Introducing MongoDB

Relational databases are not necessarily the best choice for modern Web applications. A new generation of alternatives is emerging. MongoDB is one of the best emergent solutions. And it's open source.

Web applications and traditional relational databases are nearing an end to their tumultuous relationship. For over a decade now, most Web applications have been built on top of relational databases, with various layers of indirection to simplify coding and boost the productivity of developers. For every Web programming language, there are any number of object-relational mapping (ORM) choices, each with pros and cons, yet none good enough that a developer can forget about SQL or ignore protecting the database. Moreover, as Web applications grow more complicated and sites need to be created faster, adapt instantly, and scale massively, these old solutions are no longer satisfying the demands of the Web.

There are a number of different projects working on new database technologies, all of which forego the stalwart relational model. Relational databases are difficult to scale, largely because distributed joins are difficult to perform efficiently. Further, mapping from the many popular dynamically-typed languages to SQL is complicated, inefficient, and time consuming. While often called the “NoSQL” movement, the need for new technologies is caused by the relational model, rather than SQL.

Beyond the relational model, there are a number of data model choices: key-value stores, tabular databases, graph databases, and document databases. Key-value stores are simple and easy to scale. If all you need is get and put access, a key-value store works great. However, most applications need more features, including secondary indexes, dynamic queries and sorting. Tabular or column databases can also scale, but don’t offer any improvement when mapping to programming languages. Document databases can be scaled and do in fact map well to programming languages.

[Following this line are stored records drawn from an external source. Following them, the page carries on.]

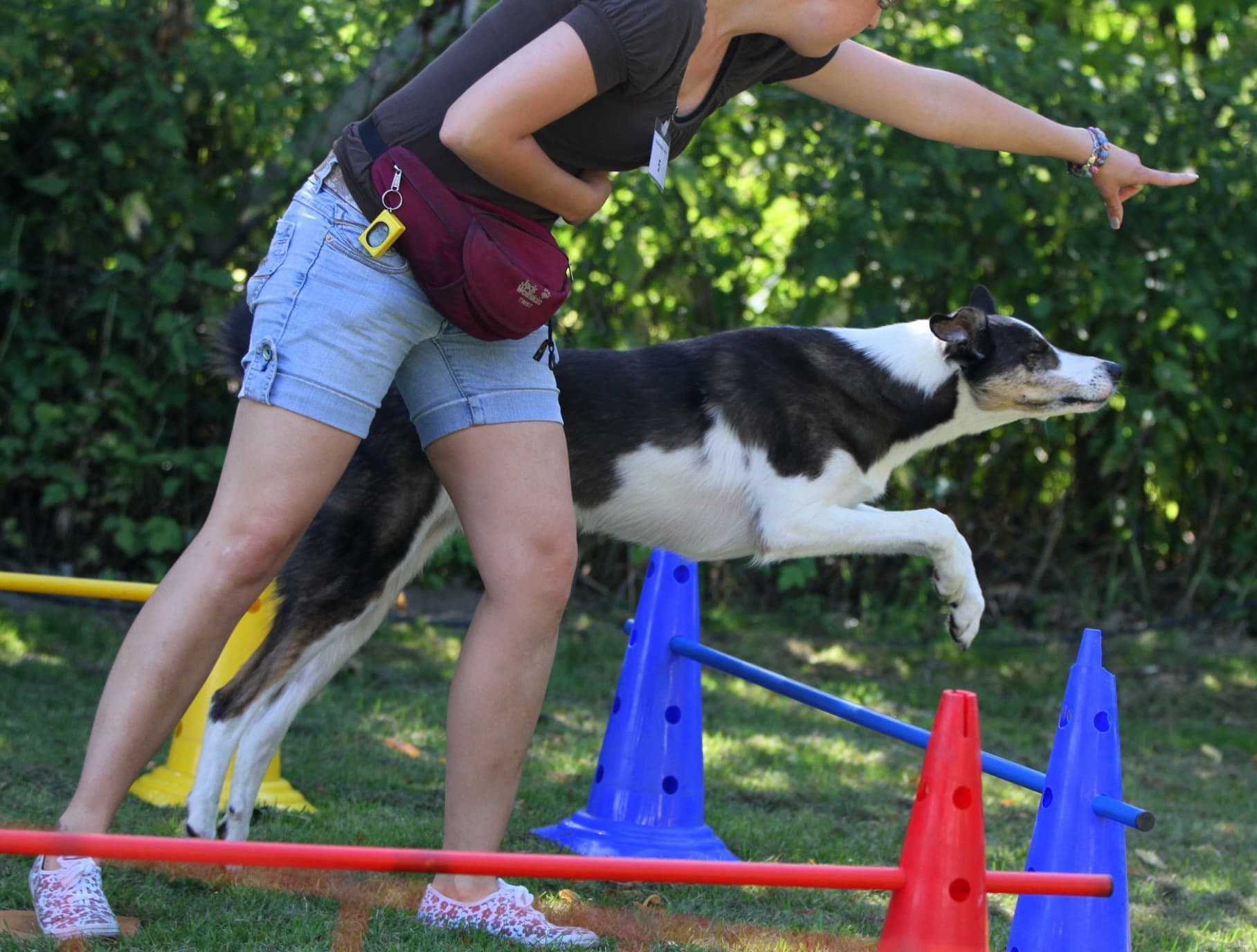 Ein Border Collie überspringt im Agility-Training eine niedrige Stangenhürde, die Trainerin weist ihm mit ausgestrecktem Arm den Weg.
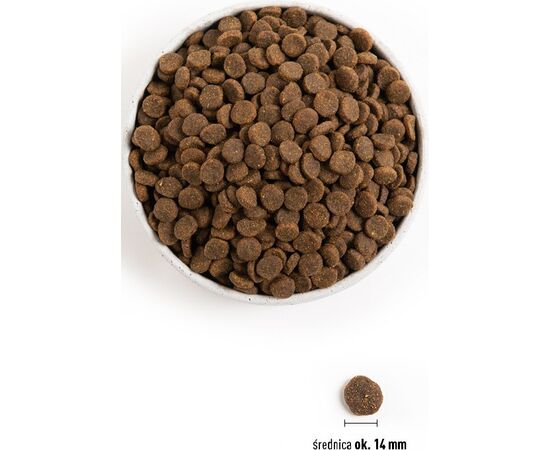 ACANA SINGLES FREE-RUN DUCK - DRY DOG FOOD - 2KG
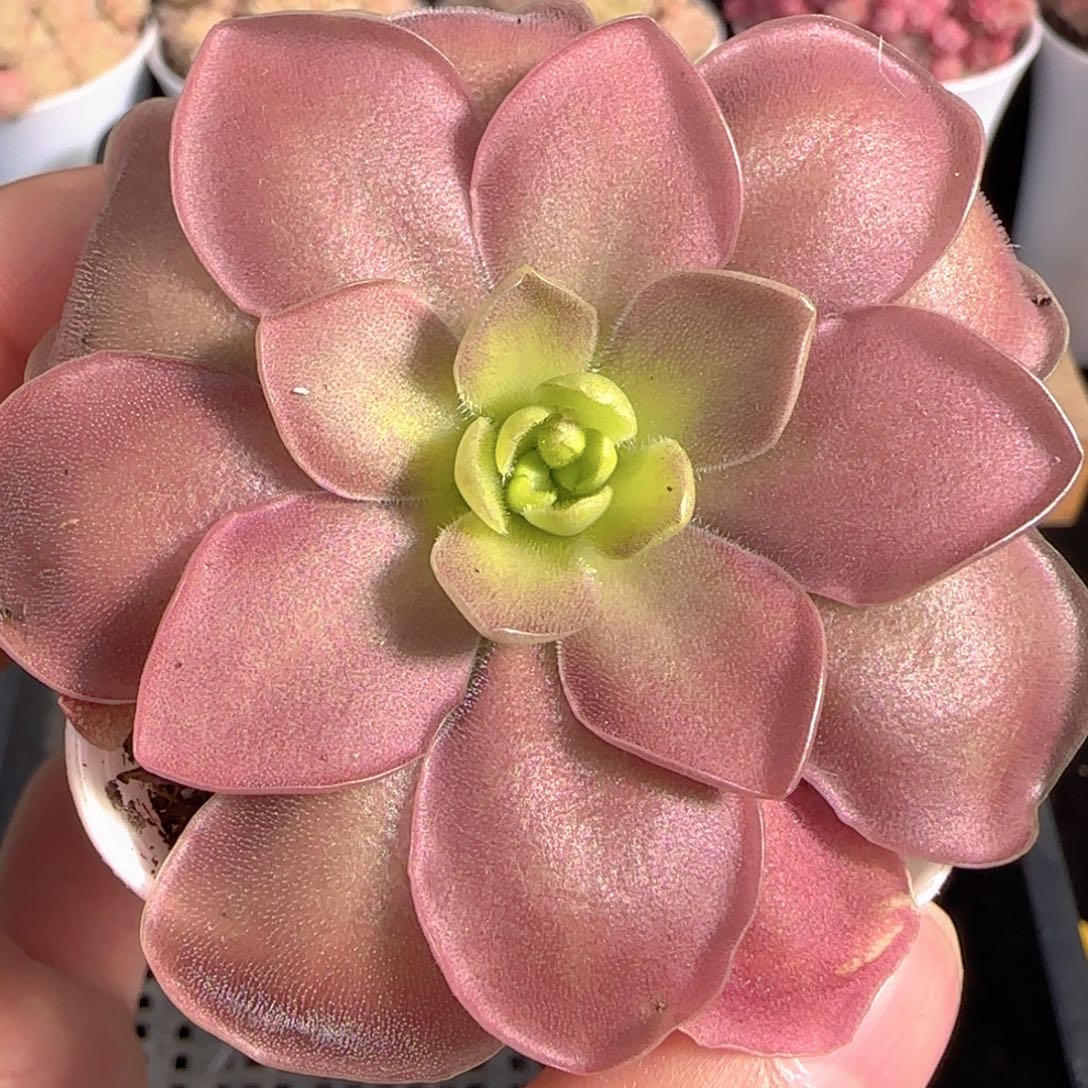 多肉1229-329赛题捕虫堇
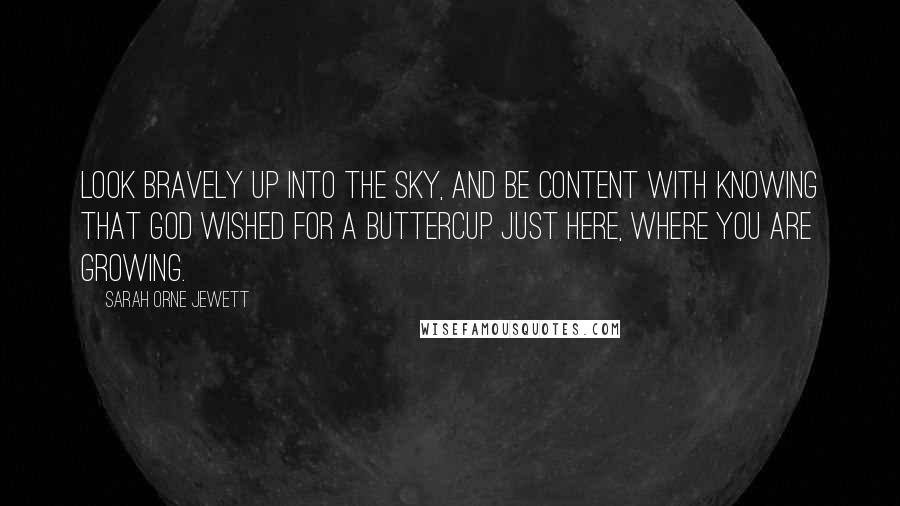 Sarah Orne Jewett Quotes: Look bravely up into the sky, And be content with knowing That God wished for a buttercup Just here, where you are growing.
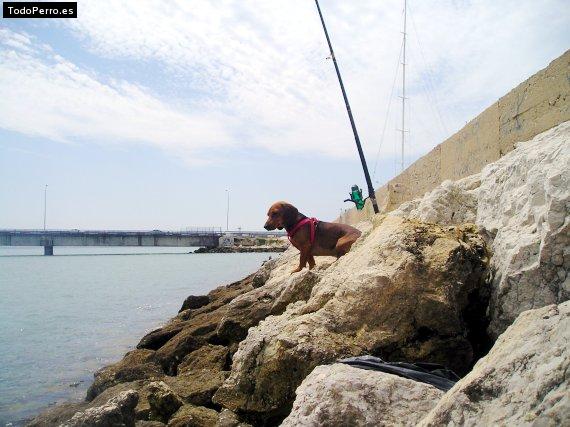 La foto del perro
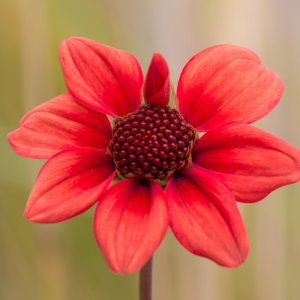 Flower_IMG_0891.jpg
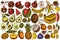 Fruits hand drawn vector illustrations collection. Colored bananas, pears, kiwi etc.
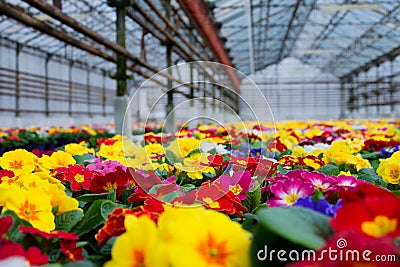 Close-up of a variety of multicolored primrose flowers, also known as cowslip, selective focus Stock Photo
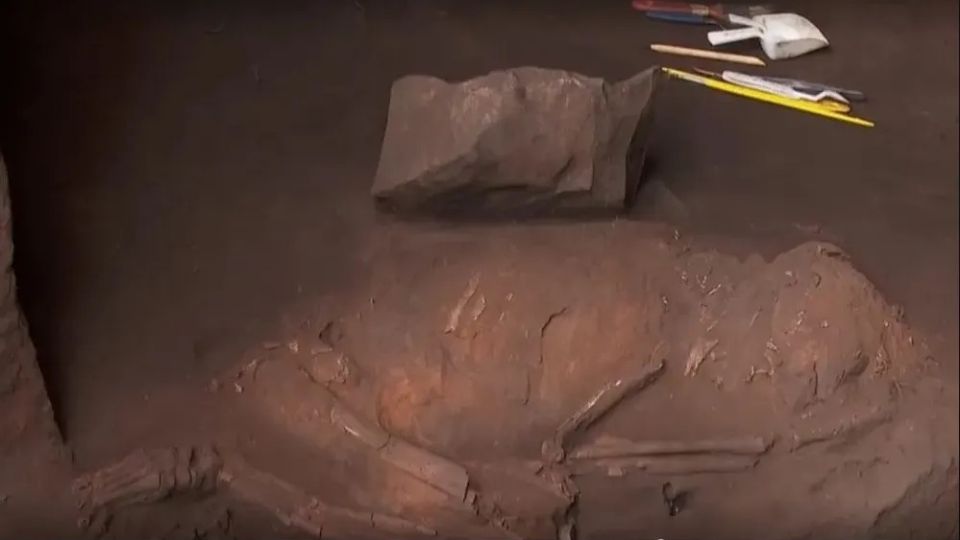 Encuentran fósil humano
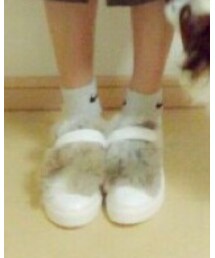 DHOLIC | スニーカー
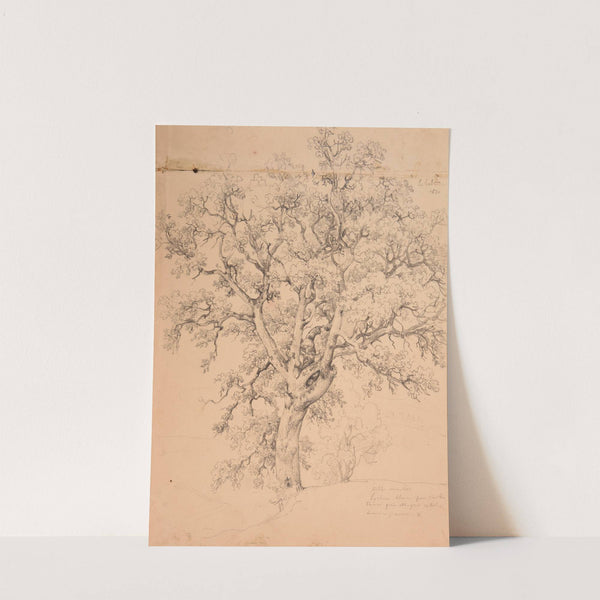 Étude d'arbre by Jacques-Raymond Brascassat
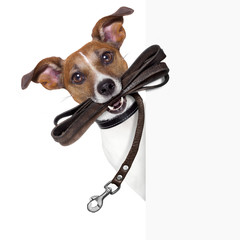 dog with leather leash - 55218016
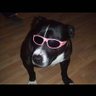 Фото профиля OZZY0⃣6⃣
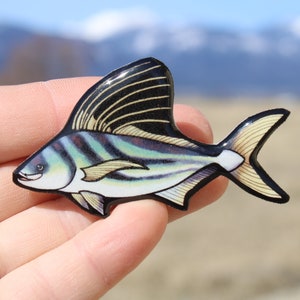 Largemouth Bass Fishing Fish - Magnet - Car Fridge Locker - Select Size :  : Home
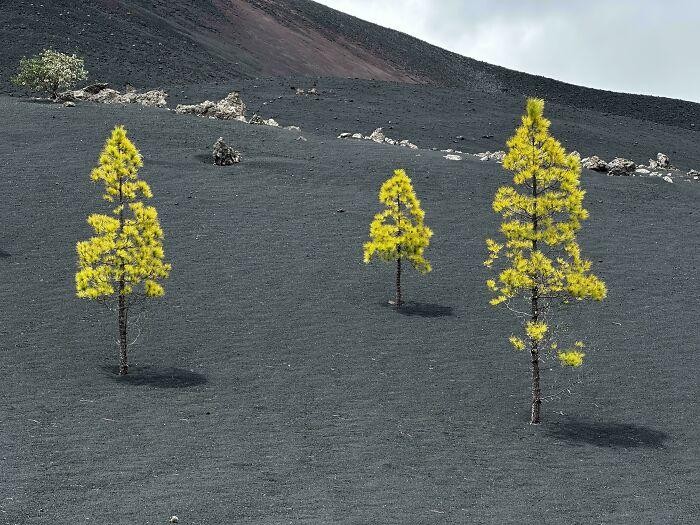 Foto yang Dikira AI, Padahal Asli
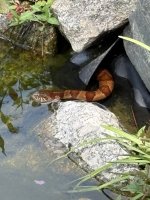 IMG_2418.jpeg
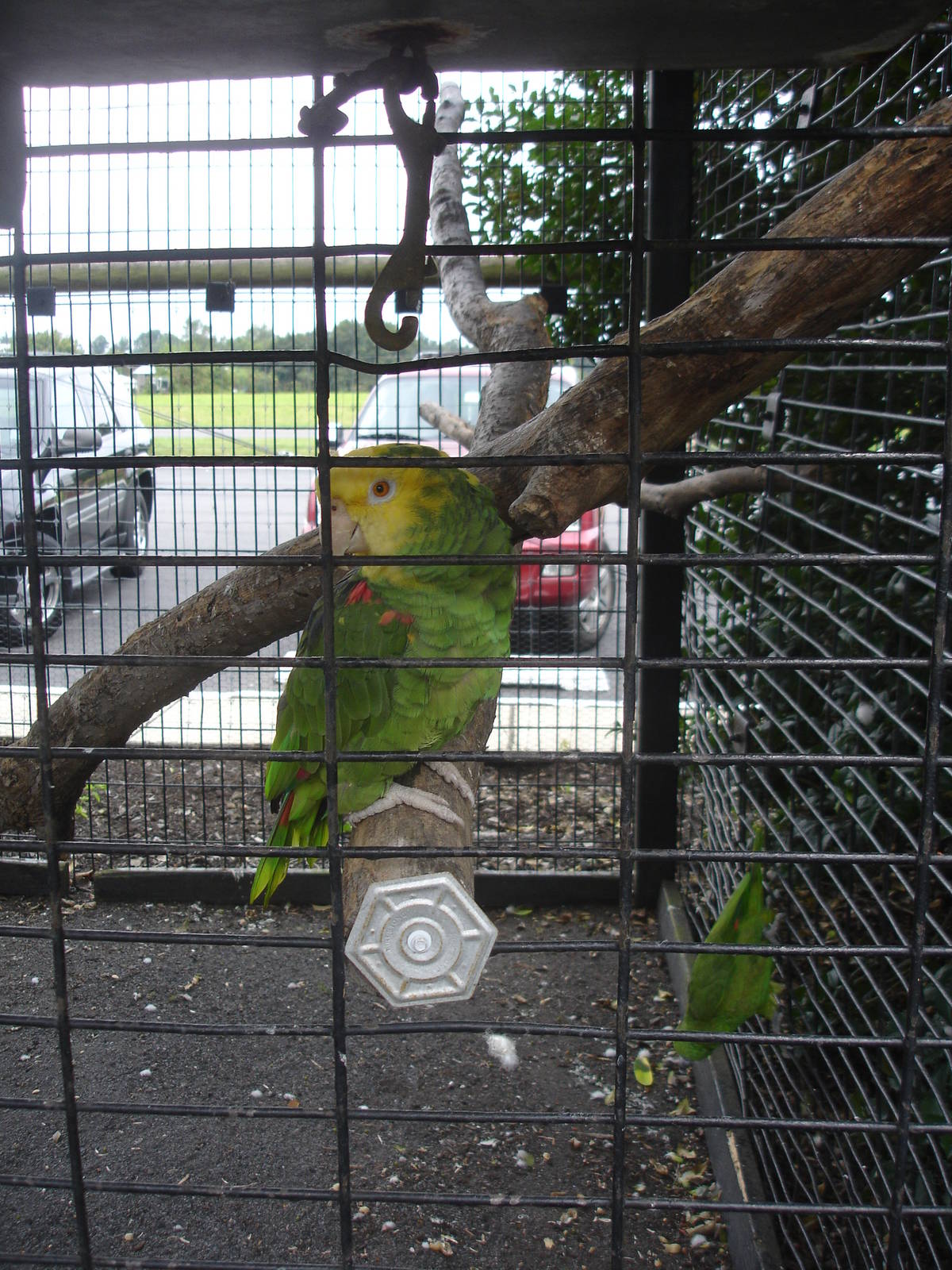 Yellow Headed Amazon Parrot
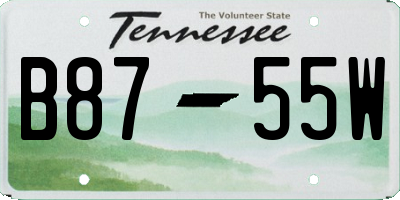 TN license plate B8755W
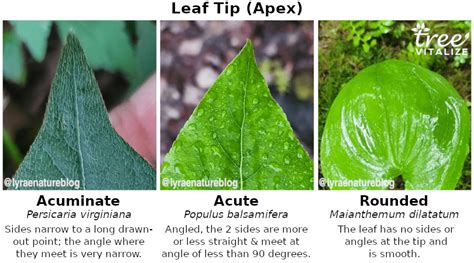 20 Different Types Of Crabapple Trees And Identifying Features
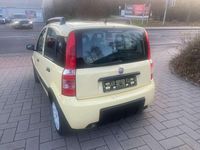 Gebraucht Fiat Panda Active 54 PS (39 kW) 2009 Mambo gelb Kleinwagen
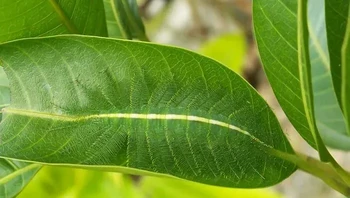 Ada yang bisa melihat ulat di daum? Foto: Boredpanda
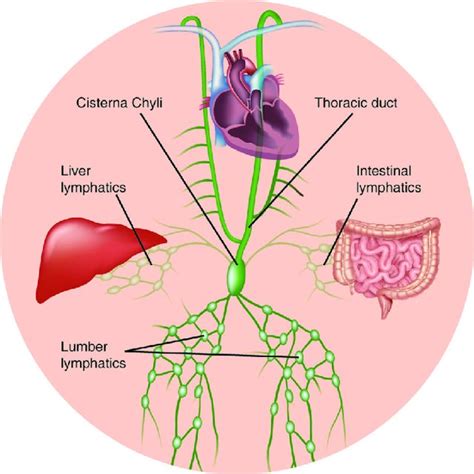 A Schematic Representation Depicting The Lymphatic Drainage With The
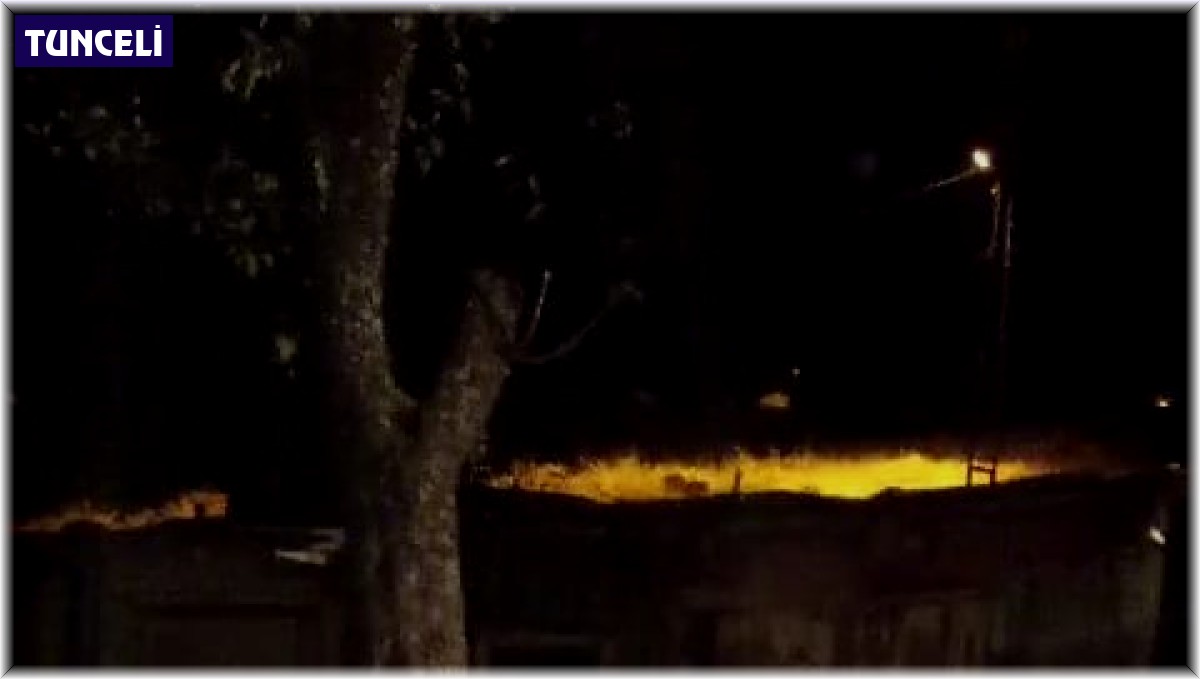 Boz ayı bu kez eli boş döndü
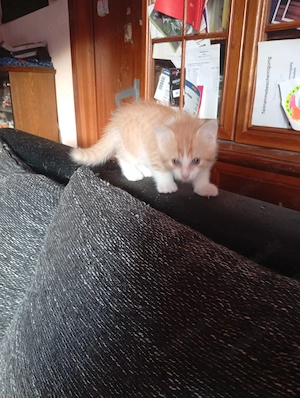 Katzen Kitten männlich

MongoDB (from “humongous”) is a document database designed to be easy to work with, fast, and very scalable. It was also designed to be ideal for website infrastructure. It is perfect for user profiles, sessions, product information, and all forms of Web content (blogs, wikis, comments, messages, and more). It’s not great for transactions or perfect durability, as required by something like a banking system. Good fits for MongoDB include applications with complex objects or real-time reporting requirements, and agile projects where the underlying database schema changes often. MongoDB does not suit software with complex (multiple object) transactions.

Inside MongoDB

MongoDB stores BSON, essentially a JSON document in an efficient binary representation with more data types. BSON documents readily persist many data structures, including maps, structs, associative arrays, and objects in any dynamic language. Using MongoDB and BSON, you can just store your class data directly in the database, removing a whole slew of problems. MongoDB is also schema-free. You can add fields whenever you need to without performing an expensive change on your database. Adding fields is also quick, which is ideal for agile environments. You need not revise schemas from staging to production or have scripts ready roll changes back.

MongoDB uses a custom network protocol for client/server chatter. While this approach is far faster than REST, it demands a native driver for each programming language. Currently, production drivers exist for Python, Ruby, PHP, C++, Java, and Perl, and drivers for Erlang, Factor, and C# are in the works.

MongoDB has an auto-sharding implementation in alpha. Just specify a shard key for a collection and scale horizontally as much as you need to.

MongoDB is an interesting combination of modern Web usage semantics and proven database techniques. In some ways MongoDB is closer to MySQL than to other so-called “NoSQL” databases: It has a query optimizer, ad-hoc queries, and a custom network layer. It also lets you organize document into collections, similar to sql tables, for speed, efficiency, and organization.

To get great performance and horizontal scalability however, MongoDB gives something up: transactions. MongoDB does not support transactions that span multiple collections. You can do atomic operations on a single object, but you can’t modify objects from two collections atomically.

Internally, MongoDB uses memory mapped files to store data on disk. This keeps the main database code clean and simple, but causes some problems on 32-bit platforms. If you run MongoDB on a 32-bit system, you can only store about 2 GB of data. 64-bit systems are effectively unbounded.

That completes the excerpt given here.